One Who Wants to Cross

Marc-Emmanuel Soriano translated by Amanda Gann
Clarisse Makundul Productions
Finborough Theatre

Ola Teniola and Wisdom Iheoma Credit: Ali Wright
Wisdom Iheoma and Ola Teniola Credit: Ali Wright

Marc-Emmanuel Soriano’s play One Who Wants to Cross (Un Qui Veut Traverser), first performed in France, is essentially a lyrical monologue with the occasional briefest contribution from a second character. There is a mood of melancholy, and many of the things said in the piece can feel like a form of mourning for the plight of those so desperate they are trying to move across borders.

We never see or hear about those who control the borders, the politicians who are ready to swiftly welcome anyone with wealth. Instead, this is a glimpse of those forced to endure terrible journeys that include en route being robbed by soldiers, perhaps sleeping on cold beaches waiting for transport and forced to persuade ruthless people smugglers to give them a cramped spot on a boat that is little more than a floating, overcrowded coffin.

Two men stand or sit either side of the traverse set with its central raised triangle reminiscent of the bow of a boat, the stones lining its side conjuring up the sense of a beach. The men are never clearly identified and neither are the people that our narrator, the actor Wisdom Iheoma, describes in terms that, like the title of the play, emphasise their anonymous isolation. They are simply “one who gets into a boat” or “one who sleeps by the jetty”.

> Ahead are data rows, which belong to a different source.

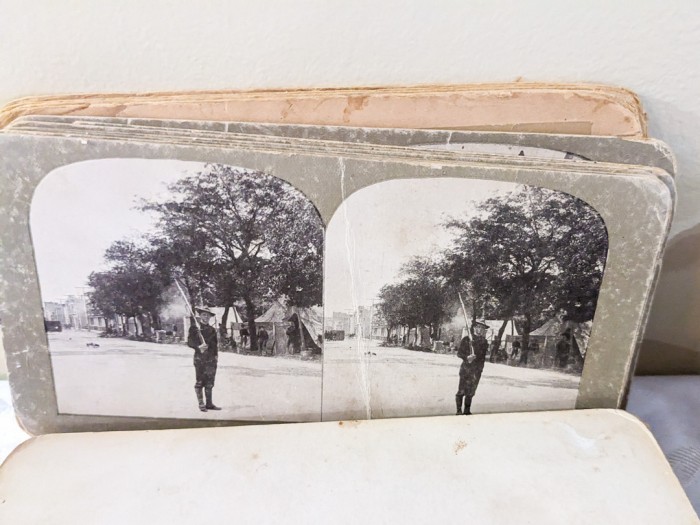 168. Antique Viewfinder + Photographs - Image 6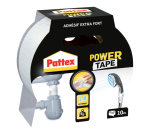Pattex Power Tape Adhesive Tape 50mmx10m White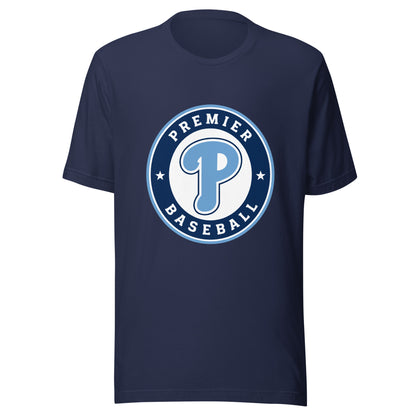 Performance | T-Shirt | Premier Baseball | Badge Logo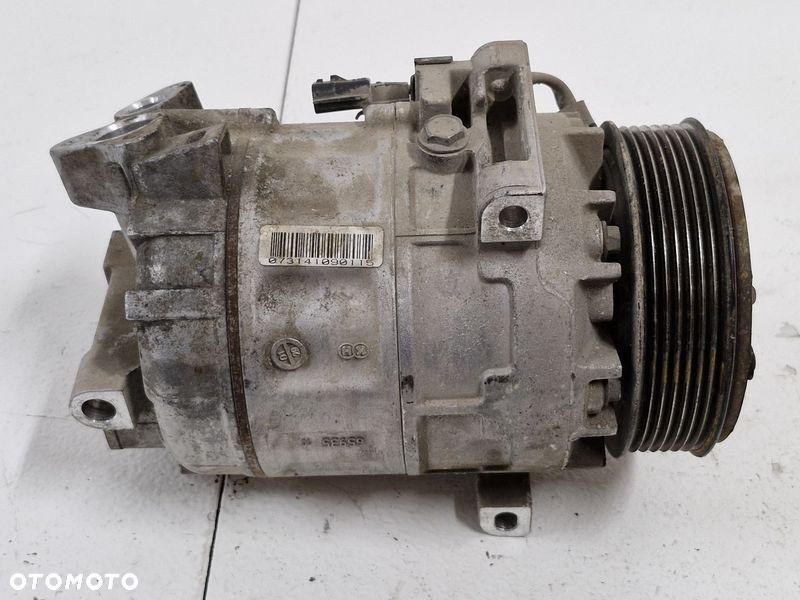 RENAULT MASTER III 2.3 DCI SPRĘŻARKA KOMPRESOR KLIMATYZACJI 8200848916 - 1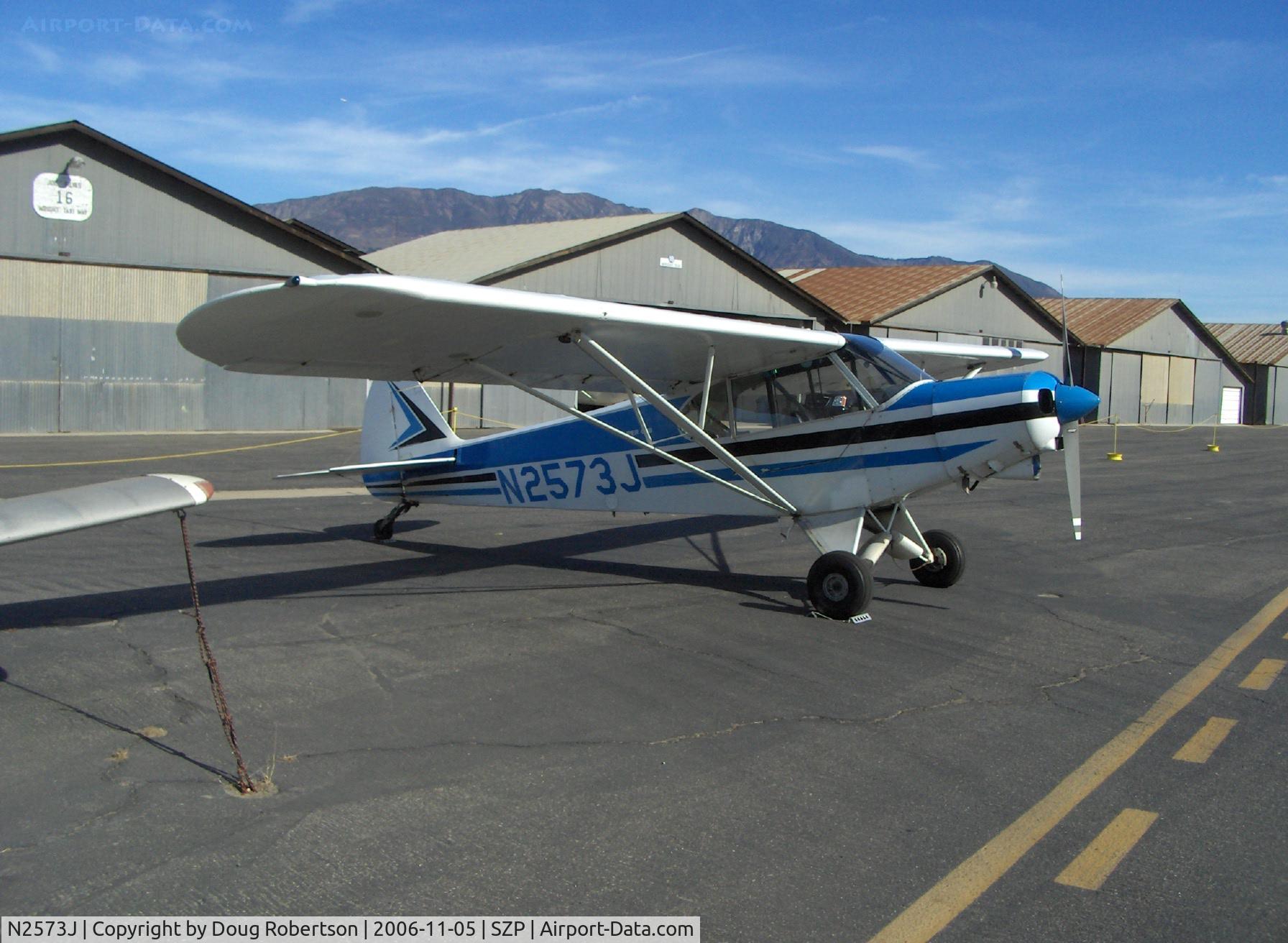 N2573J, 1979 Piper PA-18-150 Super Cub C/N 18-7909132, 1979 Piper PA-18-150 SUPER CUB, Lycoming O-320 150 Hp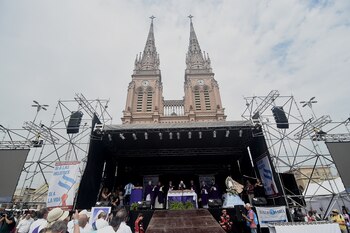 La Iglesia realizó una misa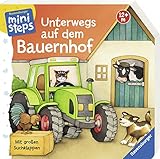 Unterwegs auf dem Bauernhof: Ab 12 Monaten (ministeps...
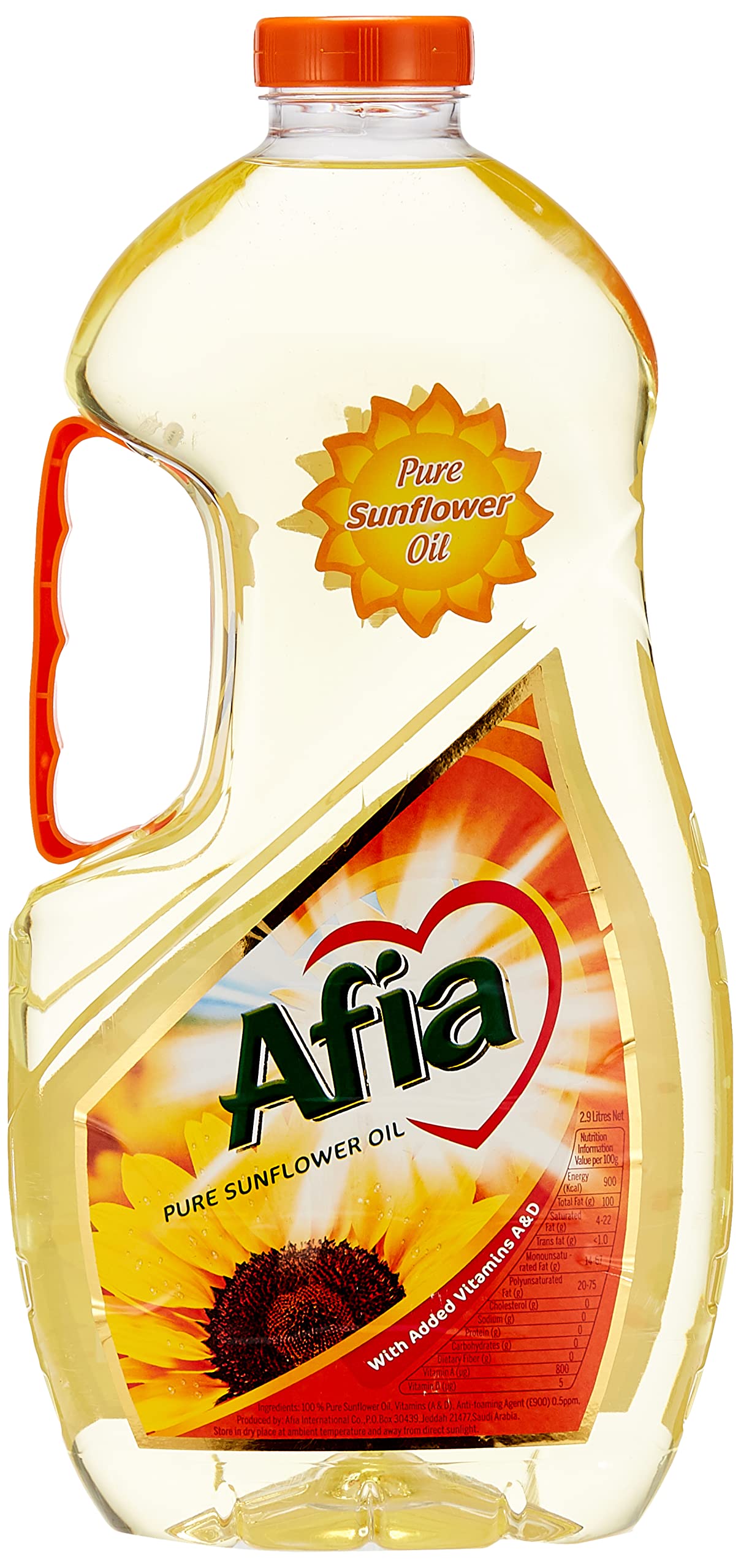 AFIAPure Sunflower Oil 2.9Litre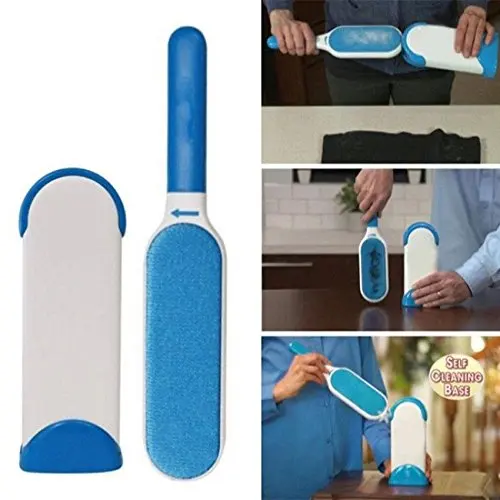 New Portable Pet Fur Remover Brush Dog Cat Hair Clean Clothes Sofa Furniture Car Seats Pet Pur Hair Remove Self Clean Brush Set
New Portable Pet Fur Remover Brush Dog Cat Hair Clean Clothes Sofa Furniture Car Seats Pet Pur Hair Remove Self Clean Brush Set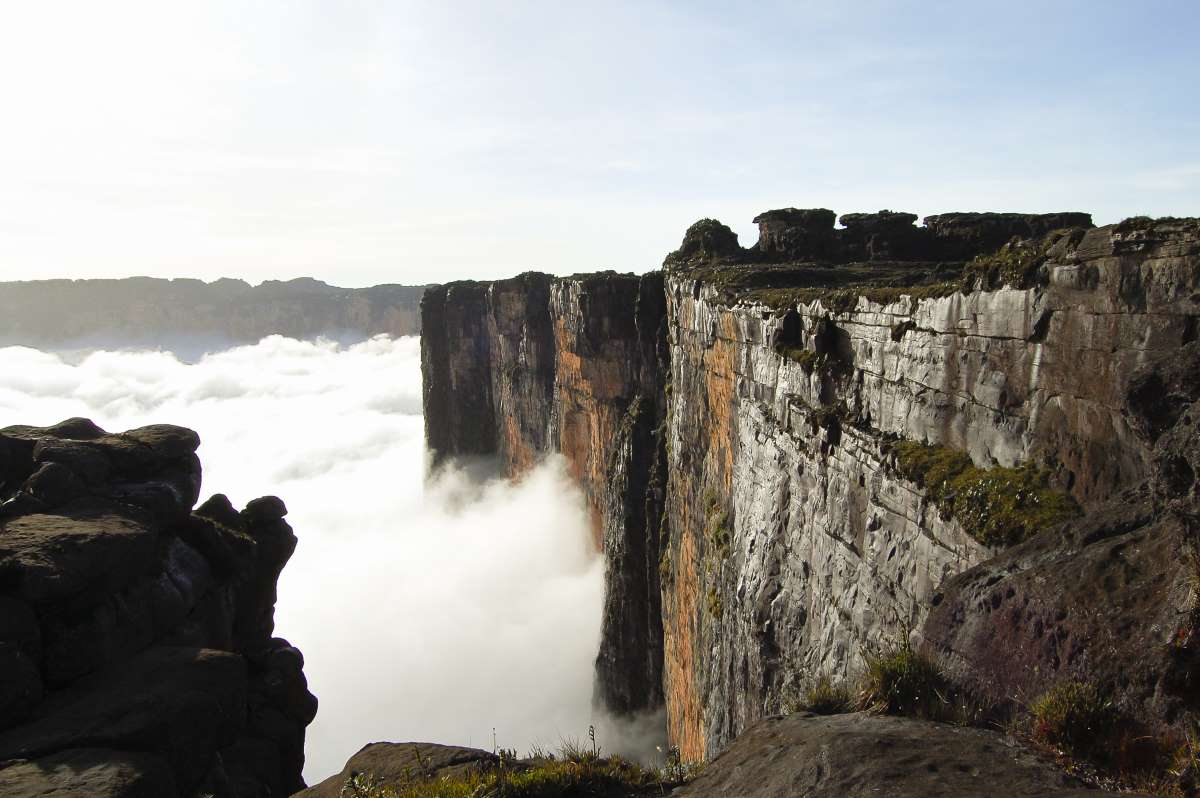 Βουνό Roraima, Νότια Αμερική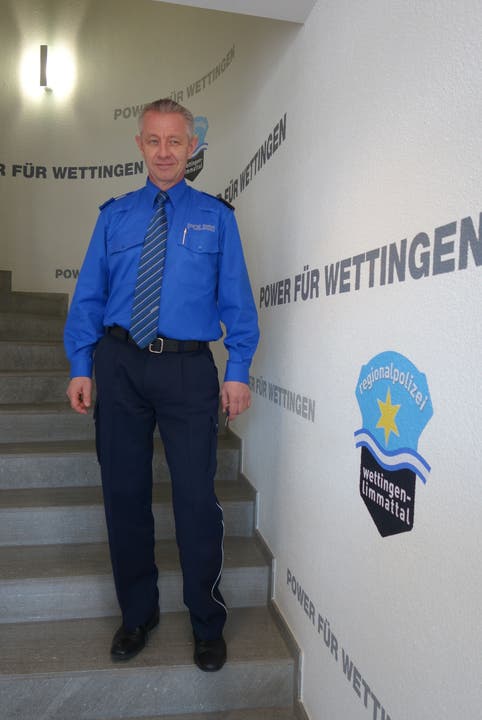 Polizeichef Roland Jenni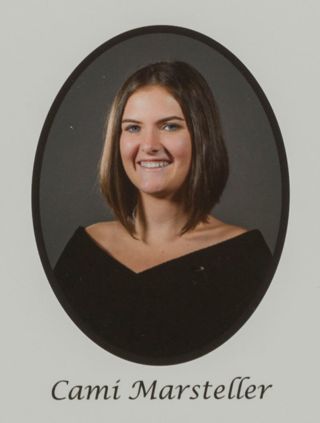Epsilon Beta Chapter Composite, Cami Marsteller, 2016-2017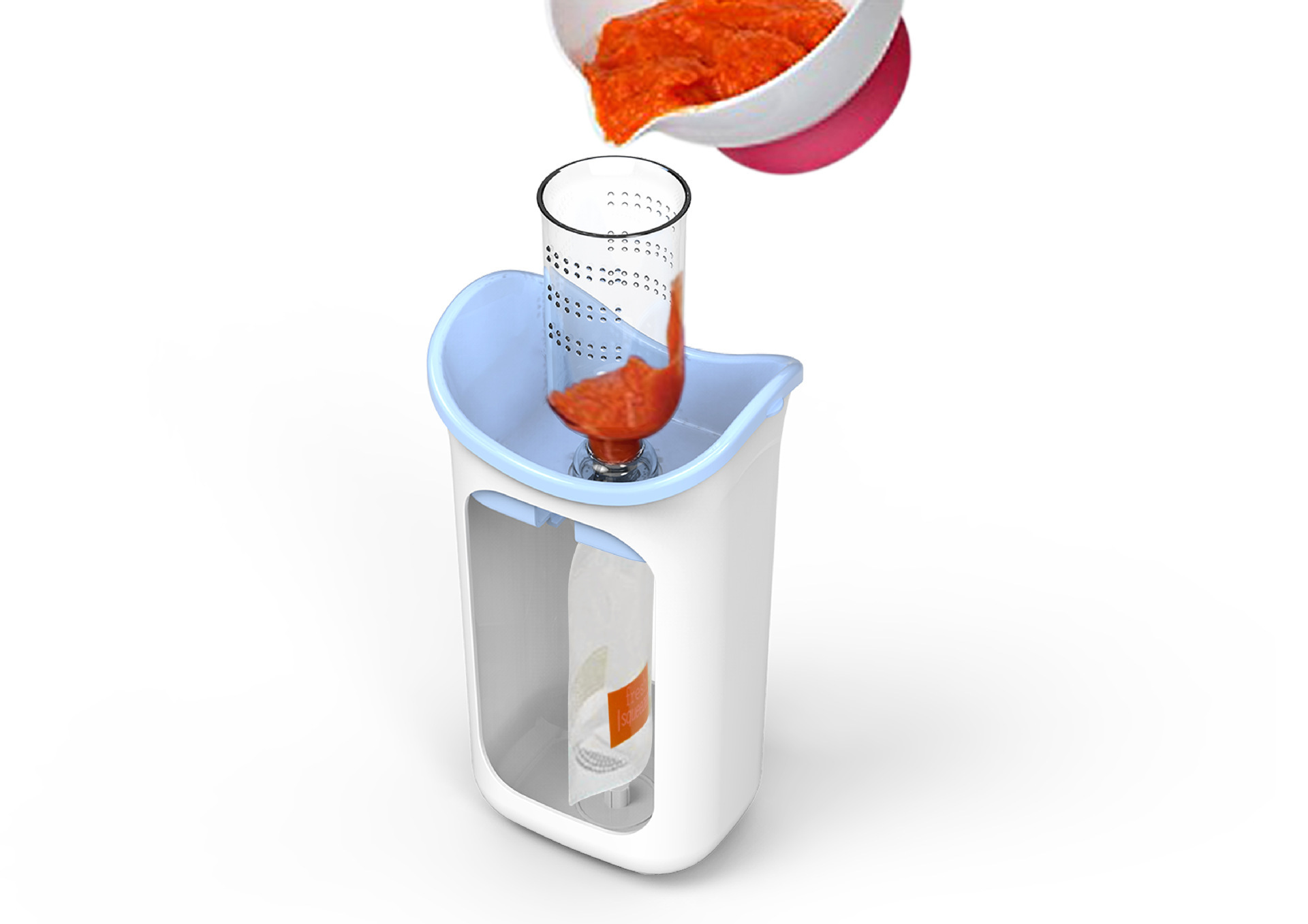 Home Kitchen Fruit Puree Squeezer - Image 6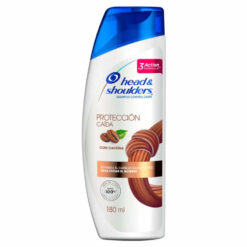 Shampoo Head & Shoulders Protección Caida X 180 Ml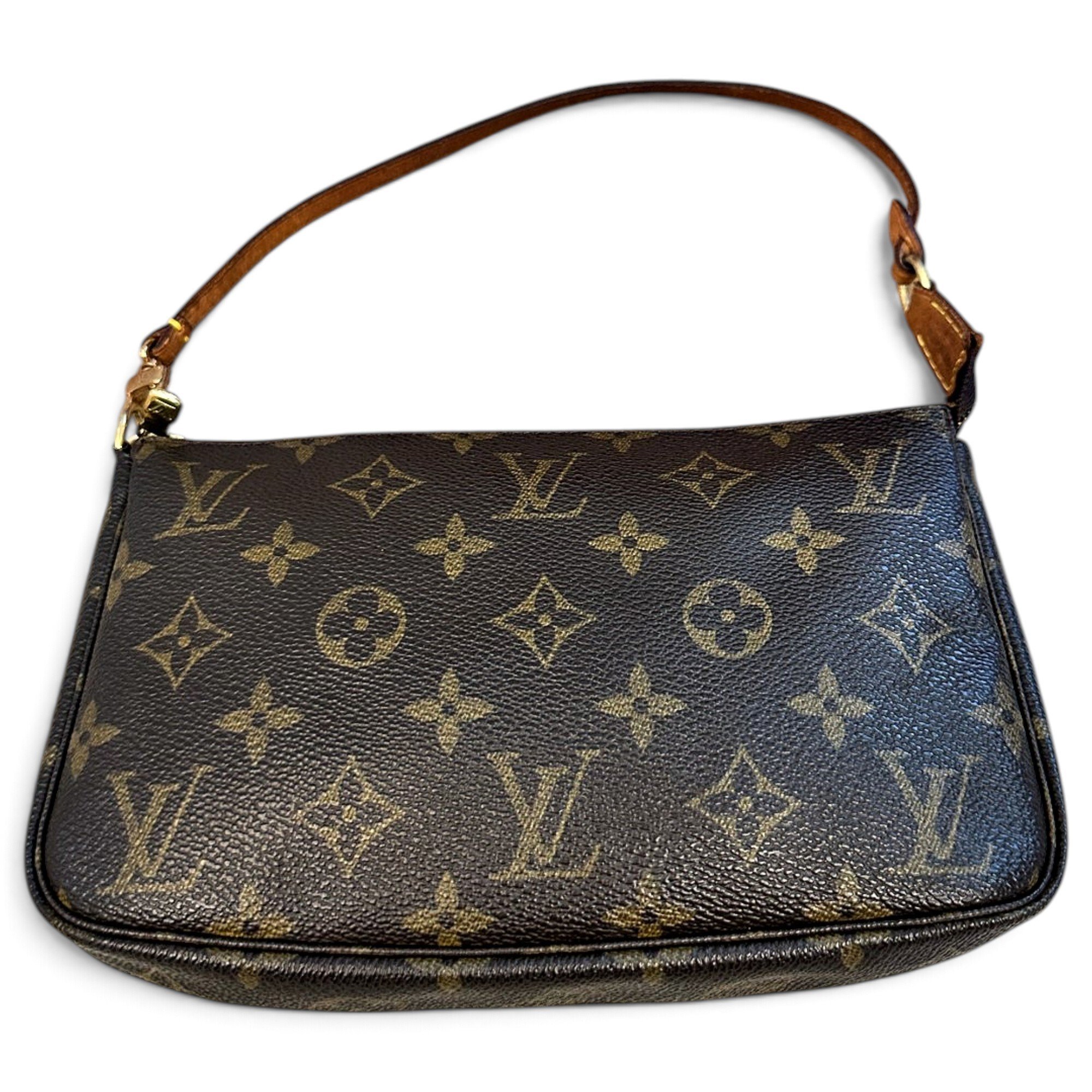 Pochette Accessoire leather handbag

Rarely does the narrator focus on anyone. There is a heavy remoteness to the fragmented account. When a particular body is given more space, it is to the woman found dead by fellow travellers in the boat carrying them to an unknown destination. They make an intimate search of the body before sliding her body into the sea.

There is rarely anything positive about the people described. The play's sympathies are with the migrants, but the people smugglers are cold, ominous and at times even menacing. The only journalist to appear in the narrative can tell you how to make a stack of money on smuggling. He knows because he does it.

The migrant who arrives somewhere says such things as, “I am a puddle… I am a feast for a bug… I am a President’s heel.”

Despite its fine poetic evocation of vulnerable people, the play is not easy to follow. Its meaning can be lost in the poetry, in the metaphors, in the anonymity of the characters and scenes. The fractured journey of the migrants is also a fractured narrative held together not by a single story but by a theme and a mood. As a poetic testament to those who suffer, it might work better as a poem on the page, to be read, reflected on and mulled over rather than the spoken monologue of a single actor.